As desirable as it is to try them all, the wide variety of sweet treats on display and for sale at the Weihnachtsmarkt, makes it impossible to choose cakes to taste. Berlin Global researched and present a run-down of the best Christmas pastries

December 15th, 2014

With the custom of the Christmas tree originating in Germany, there is no Christmas like a German Christmas, and it is not Christmas until you've eaten your weight in cookies.

Luckily for Berliners, Germany is known for their sweet delicacies and cakes all year round, however it is this time of the year that brings the most magical sweet treats to counters at Christmas Markets.

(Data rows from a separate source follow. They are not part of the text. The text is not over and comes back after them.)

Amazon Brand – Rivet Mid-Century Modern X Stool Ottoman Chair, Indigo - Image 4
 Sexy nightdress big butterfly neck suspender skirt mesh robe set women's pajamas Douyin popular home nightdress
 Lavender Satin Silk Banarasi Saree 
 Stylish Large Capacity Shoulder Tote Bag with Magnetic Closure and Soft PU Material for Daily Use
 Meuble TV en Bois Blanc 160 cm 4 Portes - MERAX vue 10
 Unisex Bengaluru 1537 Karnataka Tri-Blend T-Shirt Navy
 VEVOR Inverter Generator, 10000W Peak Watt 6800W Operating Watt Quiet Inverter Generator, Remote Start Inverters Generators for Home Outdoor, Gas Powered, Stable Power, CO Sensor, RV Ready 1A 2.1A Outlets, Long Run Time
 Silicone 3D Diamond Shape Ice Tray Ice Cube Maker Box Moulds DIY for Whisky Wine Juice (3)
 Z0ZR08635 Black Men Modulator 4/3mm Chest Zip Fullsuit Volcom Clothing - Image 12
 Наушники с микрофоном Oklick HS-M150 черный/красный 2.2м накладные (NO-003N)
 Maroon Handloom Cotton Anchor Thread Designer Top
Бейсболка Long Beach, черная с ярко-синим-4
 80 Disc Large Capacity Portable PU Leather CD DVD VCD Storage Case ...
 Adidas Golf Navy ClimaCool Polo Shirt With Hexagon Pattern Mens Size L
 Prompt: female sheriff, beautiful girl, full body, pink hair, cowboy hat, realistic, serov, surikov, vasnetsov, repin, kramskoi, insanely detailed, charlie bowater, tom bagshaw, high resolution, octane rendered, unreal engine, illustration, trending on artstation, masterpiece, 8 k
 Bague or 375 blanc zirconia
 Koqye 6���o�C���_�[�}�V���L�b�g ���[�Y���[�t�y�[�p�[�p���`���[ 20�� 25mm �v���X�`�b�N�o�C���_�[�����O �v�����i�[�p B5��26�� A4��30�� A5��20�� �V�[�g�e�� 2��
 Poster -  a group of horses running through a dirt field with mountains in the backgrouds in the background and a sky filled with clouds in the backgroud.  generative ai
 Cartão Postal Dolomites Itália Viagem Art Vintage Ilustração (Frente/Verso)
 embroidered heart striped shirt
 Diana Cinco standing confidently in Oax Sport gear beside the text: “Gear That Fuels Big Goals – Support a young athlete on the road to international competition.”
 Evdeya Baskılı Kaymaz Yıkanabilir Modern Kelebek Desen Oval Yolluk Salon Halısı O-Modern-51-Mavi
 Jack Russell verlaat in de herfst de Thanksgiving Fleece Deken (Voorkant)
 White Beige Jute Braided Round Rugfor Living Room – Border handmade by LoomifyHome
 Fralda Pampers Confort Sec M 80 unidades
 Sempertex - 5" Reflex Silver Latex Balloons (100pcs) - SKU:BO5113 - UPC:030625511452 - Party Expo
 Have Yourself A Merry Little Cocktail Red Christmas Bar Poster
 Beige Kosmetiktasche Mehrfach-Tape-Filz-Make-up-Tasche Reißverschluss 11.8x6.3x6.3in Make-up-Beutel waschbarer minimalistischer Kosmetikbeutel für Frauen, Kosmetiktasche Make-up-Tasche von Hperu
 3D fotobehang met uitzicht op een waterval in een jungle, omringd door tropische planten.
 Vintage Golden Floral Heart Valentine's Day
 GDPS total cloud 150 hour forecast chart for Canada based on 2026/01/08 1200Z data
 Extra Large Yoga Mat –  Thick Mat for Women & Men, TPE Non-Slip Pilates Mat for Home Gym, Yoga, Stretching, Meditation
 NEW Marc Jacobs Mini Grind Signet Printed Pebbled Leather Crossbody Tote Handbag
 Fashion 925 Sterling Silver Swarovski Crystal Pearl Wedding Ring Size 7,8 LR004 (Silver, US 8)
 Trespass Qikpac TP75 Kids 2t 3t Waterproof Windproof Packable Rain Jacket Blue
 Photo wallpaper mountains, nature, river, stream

Lebkuchen is a special less crispy German gingerbread glazed with a thin layer of icing or chocolate. Bethmännchen are little circular cookies, popular in Frankfurt, that are often dipped in chocolate. These cookies are often made without flour, for the gluten intolerant. Vanillekipferl are popular buttery cookies that melt in your mouth, with a vanilla flavouring and dusted in powdered sugar. Springerle, whose origins can be traced back to the 14th century, are traditionally anise-flavored presented with a printed design created by bakers using a special rolling pin. Pfeffernüsse are baked with honey, allspice, cinnamon and ground clove spice. Heidesand is the German's take on shortbread, in the form of chocolate vanilla cookies. Zimtsterne or Cinnamon Stars are made from egg whites, almonds and cinnamon and also gluten-free.

Stollen might be the most famous sweet treat associated to German Christmas, this bread-like cake made from a combination of dried fruits, candied citrus rinds, nuts and marzipan. After baking, the loaf is rolled in butter and then in powdered sugar before being wrapped up and left to ripen over two to three weeks.

Setting the new world record for largest stollen, bakers in Dresden created the traditional German Stollen Christmas fruitcake, entitled "Striezel”. At 4.34 meters long with a width of 1.77 meters, it consists of 400 parts. The giant seasonal Christmas cake was presented at a market in the historic Striezelmarkt, in the centre of Dresden and the cake was ceremoniously cut with a 1.6-meter long knife weighing u to 12 kilograms, and the slices sold with some of the proceeds going to charity.